__Requirement__
Among the records below, find the lines with the word "Iron" and copy them.

__Given information__
**********
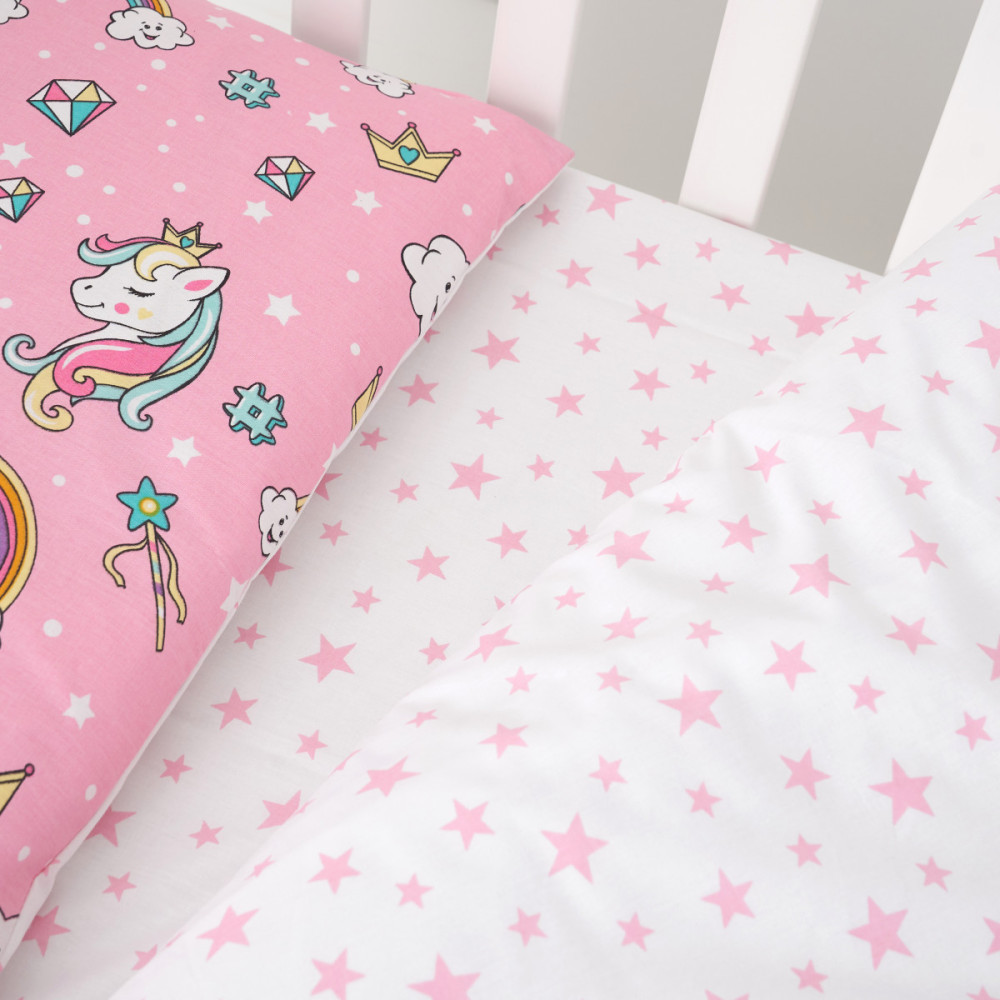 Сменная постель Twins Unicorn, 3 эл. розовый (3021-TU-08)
**********
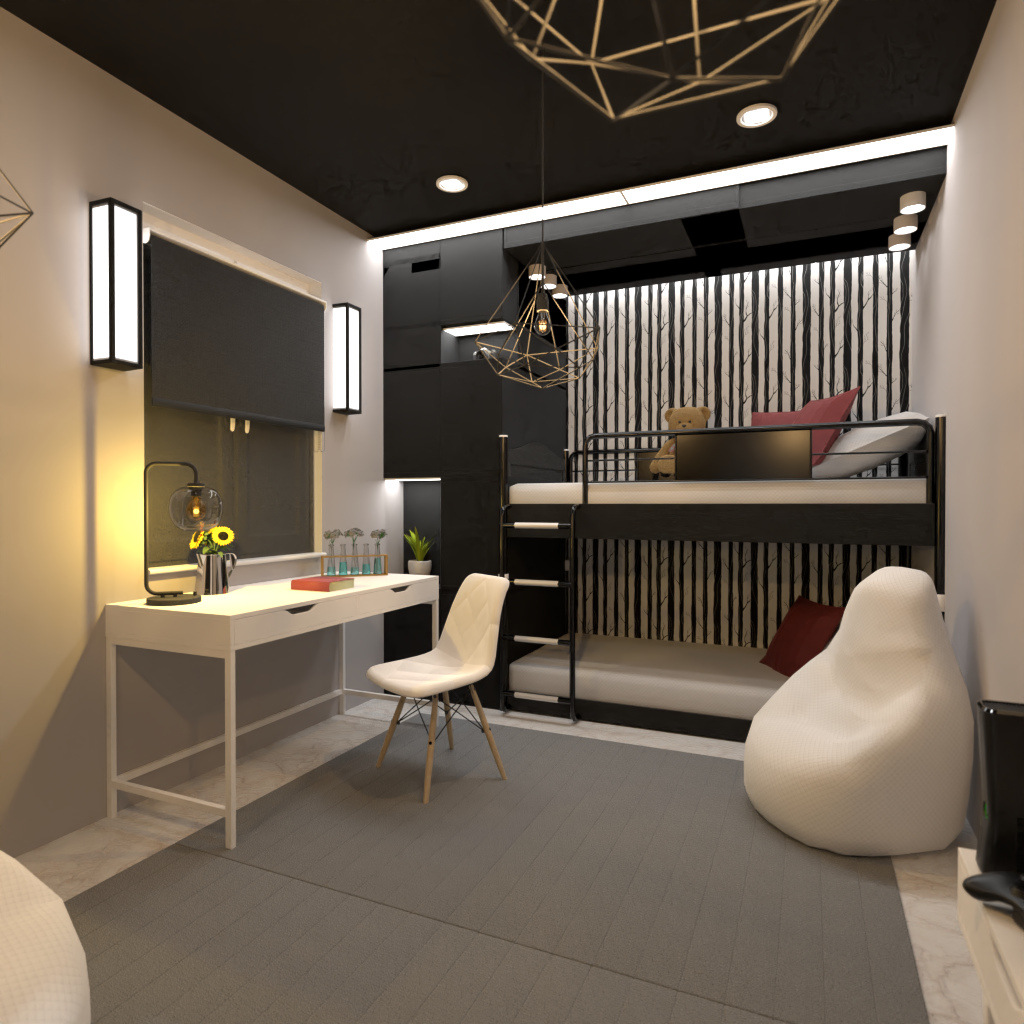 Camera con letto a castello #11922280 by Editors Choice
**********
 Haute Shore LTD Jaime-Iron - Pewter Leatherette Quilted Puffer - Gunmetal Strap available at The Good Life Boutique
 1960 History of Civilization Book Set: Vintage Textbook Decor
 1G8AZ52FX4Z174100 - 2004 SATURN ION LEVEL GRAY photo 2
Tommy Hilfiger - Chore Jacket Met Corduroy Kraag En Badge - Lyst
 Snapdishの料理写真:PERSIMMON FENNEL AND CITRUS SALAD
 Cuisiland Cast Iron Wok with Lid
**********
__Answer section__
 Haute Shore LTD Jaime-Iron - Pewter Leatherette Quilted Puffer - Gunmetal Strap available at The Good Life Boutique
 Cuisiland Cast Iron Wok with Lid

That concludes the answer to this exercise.